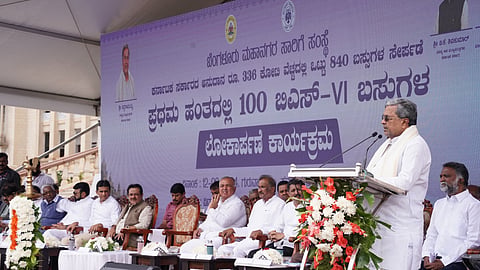 100 ನೂತನ ಬಿಎಂಟಿಸಿ ಬಸ್ ಗಳನ್ನು ಲೋಕಾರ್ಪಣೆಗೊಳಿಸಿದ ಸಿಎಂ ಸಿದ್ದರಾಮಯ್ಯ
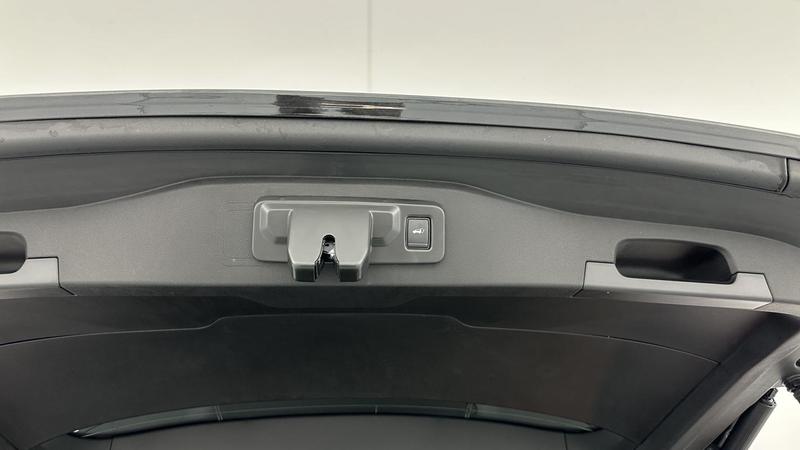 Renault Espace VI E-Tech full hybrid 200ch Techno 7 Places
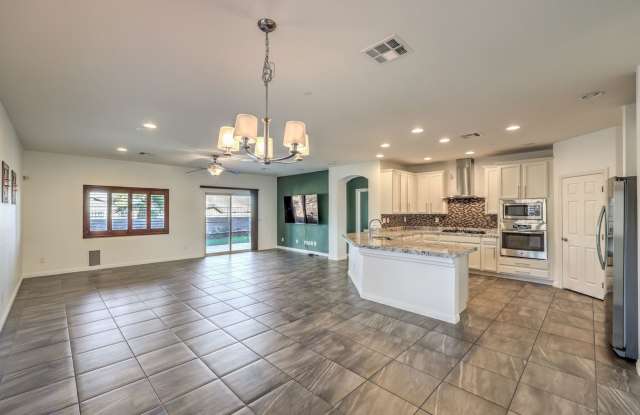Beautiful Henderson Home For Rent. Gallery 4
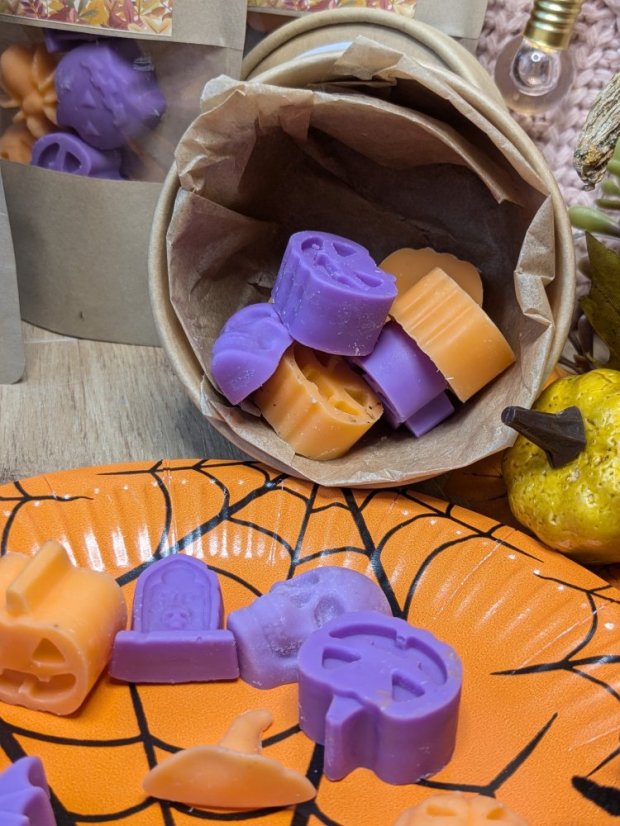 Sójový vonný vosk Podzimní Kouzlo | Vůně: pomeranč, skořice, čokoláda - Hmotost: 100 g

_EXERCISE GOAL_
Leave the pictures out and copy the rest of the data exactly.

_TASK ANSWER_
 100 ನೂತನ ಬಿಎಂಟಿಸಿ ಬಸ್ ಗಳನ್ನು ಲೋಕಾರ್ಪಣೆಗೊಳಿಸಿದ ಸಿಎಂ ಸಿದ್ದರಾಮಯ್ಯ
 Renault Espace VI E-Tech full hybrid 200ch Techno 7 Places
Beautiful Henderson Home For Rent. Gallery 4
 Sójový vonný vosk Podzimní Kouzlo | Vůně: pomeranč, skořice, čokoláda - Hmotost: 100 g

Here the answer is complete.